I am so tired of the phrase “just happens to be gay.” I was tired of it before all this happened, and I’m even more tired of it now. Please stop saying that the victims just happened to be gay, as if it was by accident that the shooter went to a gay bar during Pride month. He didn’t just wander in off the street because he felt like shooting up any random place. Please listen to us when we say that there is a long history of anti-LGBTQ+ terrorism. It’s the reason Pride was started: The Stonewall Riots kicked off our modern-day movement.
And while we’re at it, please, please, please stop the Islamophobic rhetoric. The shooter’s dad has said that his son hated LGBTQ+ people. This isn’t about Islam, or even about religion in general. Yes, religion can be homophobic, but the two are not inextricably linked. It makes me sick to hear about Republican government officials with incredibly anti-gay track records suddenly begin to talk about praying for the victims, and using this moment as an excuse to point the finger at Muslims. STOP. Please don’t turn this into a false story of us vs. them. LGBTQ+ Muslims do exist.
And to every author, TV scriptwriter, et cetera who defends burying their gay characters as an “authorial choice” used to “further the plot,” this is exactly why we protest those narrative choices. They’re hurtful. Everyone loves escapism, and perhaps no one more than the LGBTQ+ community: We can’t get away from this violence in real life or in fiction. This isn’t just a matter of being sad because my favorite character died; this is a matter of seeing that pattern over and over and over again, and then seeing this, and now not wanting to go to Pride.
Iowa City Pride is tiny in comparison to those in other, bigger cities, but now I’m anxious about even going. And I hate that. I’ve already heard that people are being advised to make plans for where to meet up in case of an emergency, and to use the buddy system, and to tell their friends and family that they love them – in case they don’t see them again. We shouldn’t have to head off to Pride as though we’re going to war. This isn’t even the only anti-LGBTQ+ hate crime of the day: Earlier today, a man was arrested for intending to harm people at LA Pride.
To add insult to injury, gay and bisexual men are banned from donating blood to any hospital nationwide due to a federal law prohibiting donations from men who have had sex with men in the past year. (This law also includes trans women.) They can’t help, even if they want to.

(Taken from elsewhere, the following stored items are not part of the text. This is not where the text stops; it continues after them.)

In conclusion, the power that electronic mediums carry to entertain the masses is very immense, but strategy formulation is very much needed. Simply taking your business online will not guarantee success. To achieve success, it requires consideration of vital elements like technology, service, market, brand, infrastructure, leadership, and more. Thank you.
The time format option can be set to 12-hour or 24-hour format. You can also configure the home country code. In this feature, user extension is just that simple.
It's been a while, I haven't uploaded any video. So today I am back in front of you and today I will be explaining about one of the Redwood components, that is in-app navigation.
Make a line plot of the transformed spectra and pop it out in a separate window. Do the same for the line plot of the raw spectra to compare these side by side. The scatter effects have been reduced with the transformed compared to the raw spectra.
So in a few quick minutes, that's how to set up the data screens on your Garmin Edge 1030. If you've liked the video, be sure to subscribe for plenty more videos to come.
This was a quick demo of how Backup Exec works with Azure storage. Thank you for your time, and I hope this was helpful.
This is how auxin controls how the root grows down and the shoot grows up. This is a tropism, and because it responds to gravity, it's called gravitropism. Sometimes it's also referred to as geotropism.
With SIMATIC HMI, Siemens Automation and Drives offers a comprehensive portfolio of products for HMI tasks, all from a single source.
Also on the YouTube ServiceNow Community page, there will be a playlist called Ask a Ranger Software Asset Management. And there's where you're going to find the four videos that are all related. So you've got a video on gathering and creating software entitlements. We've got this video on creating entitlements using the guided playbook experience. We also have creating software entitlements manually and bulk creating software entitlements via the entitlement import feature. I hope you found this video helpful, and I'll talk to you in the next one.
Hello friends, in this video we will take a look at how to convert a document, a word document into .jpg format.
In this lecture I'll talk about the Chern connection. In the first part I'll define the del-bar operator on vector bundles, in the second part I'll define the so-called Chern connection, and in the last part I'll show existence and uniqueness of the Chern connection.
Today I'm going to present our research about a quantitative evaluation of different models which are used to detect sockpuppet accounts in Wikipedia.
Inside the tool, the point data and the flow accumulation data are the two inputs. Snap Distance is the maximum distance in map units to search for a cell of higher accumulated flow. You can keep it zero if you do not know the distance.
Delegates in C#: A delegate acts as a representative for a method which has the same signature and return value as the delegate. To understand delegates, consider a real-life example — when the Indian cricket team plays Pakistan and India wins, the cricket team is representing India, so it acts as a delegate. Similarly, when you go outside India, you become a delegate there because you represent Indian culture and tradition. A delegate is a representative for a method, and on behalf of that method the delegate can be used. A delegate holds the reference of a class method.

This has been a terrifying day and it’s perfectly OK if you need to step away from social media for the sake of your mental health. This shooting must not be brushed under the rug and labeled as something that it is not – as something that has absolutely nothing to do with sexual orientation, for instance – but at the same time, even the endlessly positive posts of my friends became too much. That’s OK. Take a break if you need it. Stay safe. I love you.